Forecasting of Multistep Multivariate Financial Data Through GSO Algorithm Infused Vanilla LSTM Model

Abstract

Predicting time series in the financial domain requires using models that can do sequence processing tasks. One such model is the LSTM model which belongs to the family of deep learning networks. The performance measure of LSTM in a regression task is to bring down the error in the predicted values. In this study, a novel fused LSTM model integrating a glowworm optimization algorithm helps to do a multistep prediction of close stock prices of select companies from the FMCG sector of BSE and the consumables sector of NSE 50. The fused GSO algorithms are applied to LSTMs to bring down the difference between the predicted and real values. The reason for using GSO Infused LSTM implementation in this study is that pure LSTMs cannot give very good prediction results. Once the topology of the LSTM is tuned well the accuracy of prediction results improves considerably. This has been achieved with the GSO algorithm infused in the LSTM model. The justification for using optimization through GSO for the optimization of LSTMs is that it takes lesser time to converge than the gradient descent and gives faster results of better solutions compared to commonly used approaches like Grid search and Random search. Glowworm swarm optimization can also be used for easy convergence to optima in the case of multimodal functions. The results of the experiment show that there is a considerable reduction in the difference between actual and predicted values in the case of LSTMs interfaced with GSO when compared with other regressors like support vector regressor, KNN, random forest, and stacked LSTM and GRU models. For the Training set of data, the mean RMSE values for the different models were obtained as 270.17 for SVR, 21.16 for the random forest, 90.72 for KNN, 44.36 for stacked LSTM, 51.28 for GRU and 31.8 for vanilla LSTM GSO models.

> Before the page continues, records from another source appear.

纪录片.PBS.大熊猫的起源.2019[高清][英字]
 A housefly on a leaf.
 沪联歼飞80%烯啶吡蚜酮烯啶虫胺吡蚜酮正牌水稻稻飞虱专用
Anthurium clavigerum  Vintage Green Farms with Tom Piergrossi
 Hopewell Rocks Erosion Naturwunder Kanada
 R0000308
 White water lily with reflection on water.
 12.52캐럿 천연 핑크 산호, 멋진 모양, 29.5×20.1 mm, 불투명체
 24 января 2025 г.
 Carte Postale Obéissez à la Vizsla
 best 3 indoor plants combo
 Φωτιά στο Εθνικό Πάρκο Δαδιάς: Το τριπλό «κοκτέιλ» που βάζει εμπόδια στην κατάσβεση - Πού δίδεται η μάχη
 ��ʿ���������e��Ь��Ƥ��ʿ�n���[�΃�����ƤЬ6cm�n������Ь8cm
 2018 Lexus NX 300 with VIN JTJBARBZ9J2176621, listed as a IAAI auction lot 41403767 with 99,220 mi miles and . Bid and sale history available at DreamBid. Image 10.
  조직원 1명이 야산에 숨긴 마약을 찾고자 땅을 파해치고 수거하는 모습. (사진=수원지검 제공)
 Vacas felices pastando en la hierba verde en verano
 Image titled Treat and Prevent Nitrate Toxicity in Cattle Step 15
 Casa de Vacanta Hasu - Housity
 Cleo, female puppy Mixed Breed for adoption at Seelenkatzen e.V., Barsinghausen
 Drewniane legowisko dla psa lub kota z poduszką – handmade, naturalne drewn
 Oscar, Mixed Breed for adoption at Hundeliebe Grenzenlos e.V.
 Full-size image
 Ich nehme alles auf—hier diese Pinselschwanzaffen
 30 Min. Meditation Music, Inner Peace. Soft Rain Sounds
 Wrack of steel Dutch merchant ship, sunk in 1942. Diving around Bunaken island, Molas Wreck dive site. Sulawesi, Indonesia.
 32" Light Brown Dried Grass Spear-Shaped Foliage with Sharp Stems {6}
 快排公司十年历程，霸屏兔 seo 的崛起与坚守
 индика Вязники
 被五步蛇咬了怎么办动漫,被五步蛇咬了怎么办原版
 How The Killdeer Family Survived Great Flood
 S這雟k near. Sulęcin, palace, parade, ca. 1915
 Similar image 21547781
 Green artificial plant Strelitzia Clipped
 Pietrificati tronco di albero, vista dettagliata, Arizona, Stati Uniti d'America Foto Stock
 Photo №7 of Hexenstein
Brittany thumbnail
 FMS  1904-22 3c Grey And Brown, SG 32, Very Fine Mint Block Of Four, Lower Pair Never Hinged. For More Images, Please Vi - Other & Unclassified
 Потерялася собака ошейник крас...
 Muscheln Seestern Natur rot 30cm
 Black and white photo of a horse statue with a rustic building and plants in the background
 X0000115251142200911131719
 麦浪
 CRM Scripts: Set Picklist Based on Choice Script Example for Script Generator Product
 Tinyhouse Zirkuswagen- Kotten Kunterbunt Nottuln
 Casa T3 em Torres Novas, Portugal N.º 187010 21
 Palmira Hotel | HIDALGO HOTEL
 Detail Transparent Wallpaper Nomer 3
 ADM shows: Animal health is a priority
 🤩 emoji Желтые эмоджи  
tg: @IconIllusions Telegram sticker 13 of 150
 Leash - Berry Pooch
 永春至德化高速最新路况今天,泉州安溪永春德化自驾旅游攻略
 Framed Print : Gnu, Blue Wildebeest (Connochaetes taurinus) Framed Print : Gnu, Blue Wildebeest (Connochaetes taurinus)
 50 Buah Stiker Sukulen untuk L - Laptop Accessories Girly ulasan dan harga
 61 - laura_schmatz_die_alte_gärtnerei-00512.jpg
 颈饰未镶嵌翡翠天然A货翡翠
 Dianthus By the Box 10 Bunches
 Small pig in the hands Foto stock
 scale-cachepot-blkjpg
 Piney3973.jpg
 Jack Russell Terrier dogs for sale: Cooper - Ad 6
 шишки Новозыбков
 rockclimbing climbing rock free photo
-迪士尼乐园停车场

Similarly, a substantial difference in RMSE values was observed for a Test set of data such as 702.95 for SVR, 457.17 for RF, 447.5 for KNN, 211.03 for stacked LSTM, 211.05 for GRU and 38.85 for vanilla LSTM GSO. The least RMSE values were obtained in the case of the GSO LSTM model and there was not much variation in the training and test data values, which was existing in other models. In this study, a single CPU vanilla LTM model infused with GSO has been used. A parallel version of GSO could be applied successfully to enable parallelization. This would achieve scalability and efficiency.